The Frankie Laine version was the first to be issued in the UK, in February 1953. April saw recordings by Jane Froman, Ronnie Ronalde and David Whitfield. Subsequent releases were of versions by Eve Boswell, Allan Jones, Victor Silvester and his Ballroom Orchestra, and Ethel Smith (organ). The song spent forty weeks on the sheet music sales chart, whilst Laine's recording was on the singles chart for 36 weeks.

==Other notable recordings==

- 1953: David Whitfield recorded the song in 1953, and again in 1960, peaking at No.49 on the UK Singles Chart

- 1953: Perry Como — I Believe ~ Songs of All Faiths Sung by Perry Como
- 1953: Mahalia Jackson — a single release, later on the album The World's Greatest Gospel Singer (1956)
- 1957: Elvis Presley — on his EP Peace in the Valley (Later on the album Elvis' Christmas Album [1957])
- 1958: Jimmie Rodgers — on the album The Number One Ballads
- 1960: Andy Williams — on his album The Village of St. Bernadette
- 1960: Brook Benton & Dinah Washington — on their album Two of Us
- 1961: Johnnie Ray & Timi Yuro — a single release
- 1964: Pat Boone — The Lord's Prayer (And Other Great Hymns)
- 1964: The Bachelors took the song to the No. 2 spot in the UK; also peaked at No. 33 on the U.S. Hot 100
- 1965: The Earls — on the album Remember Me
- 1966: The Righteous Brothers - on the album Go Ahead and Cry
- 1967: Reparata and the Delrons — 45 RPM single Mala 573
- 1967: Tom Jones — Tom Jones Live!
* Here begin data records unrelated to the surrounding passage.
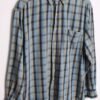Camisa Franela Cuadros Azules Vintage "M"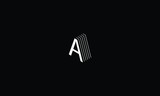 alphabet a logo design 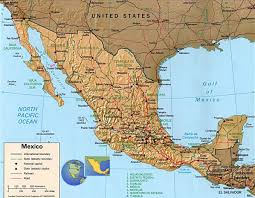 Map of Mexico - via Daymix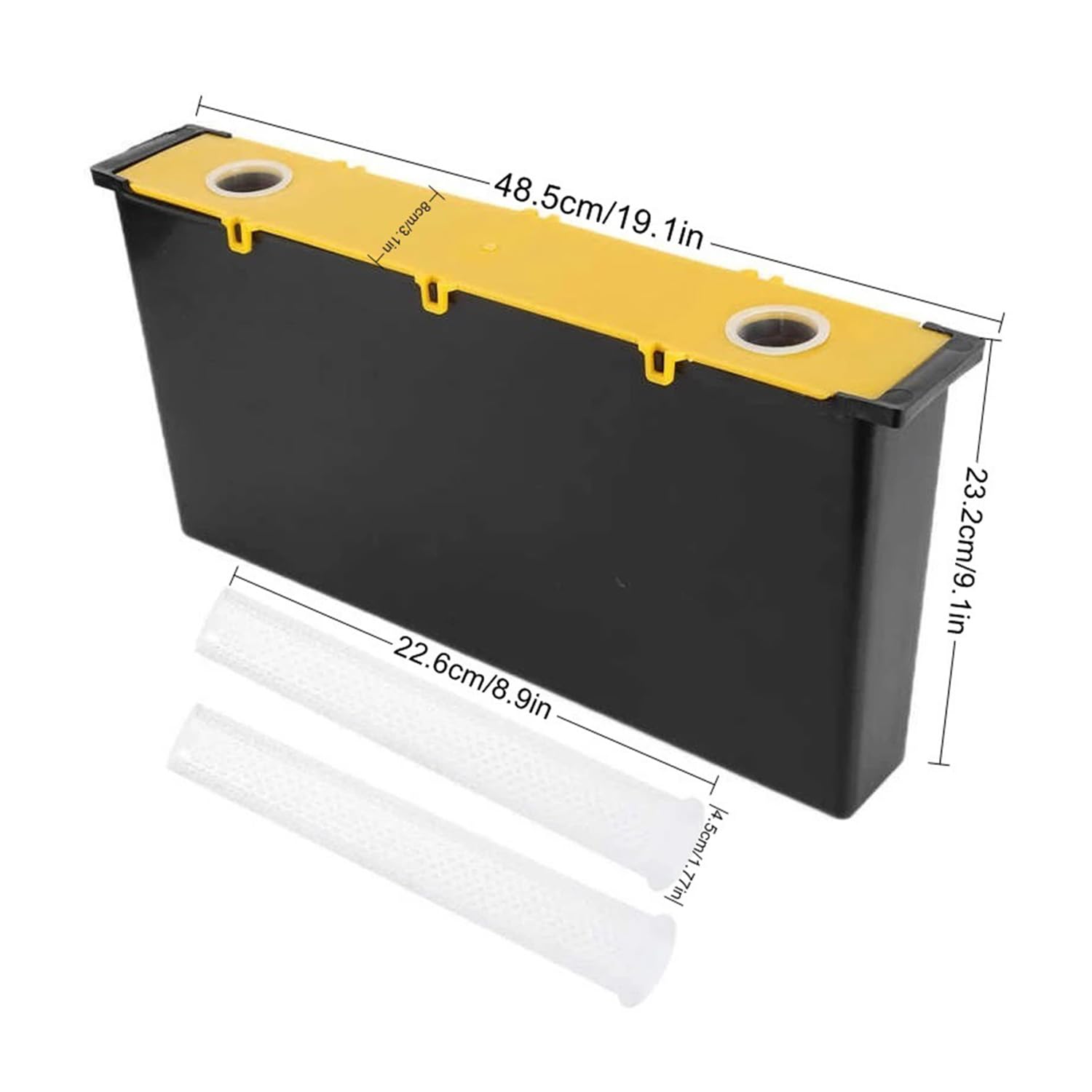 Lot de 4 mangeoires à abeilles de 6,5 L avec cadre profond, fournitures d'apiculture, outils d'équipement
At the Talk of the Town
- 1968: Louis Armstrong — on his album I Will Wait for You
- 1970: Cissy Houston — on her album Presenting Cissy Houston
- 1970: Glen Campbell — for his album Oh Happy Day
- 1981: B. J. Thomas — on his album Amazing Grace
- 1982: Gladys Knight & the Pips — on their album That Special Time of Year
- 1995: Robson & Jerome's version reached number one in the UK
- 1997: Barbra Streisand — in a medley with "You’ll Never Walk Alone" on her album Higher Ground
- 1997: Daniel O'Donnell — I Believe
- 2000: Gary Valenciano on his album Revive
- 2007: Rhydian Roberts on his album Rhydian

==Quodlibet with Ave Maria==
In 1972, Shawnee Music published a new arrangement of "I Believe" that includes a quodlibet with Bach/Gounod, "Ave Maria". This version is frequently performed by choirs at Christmas time.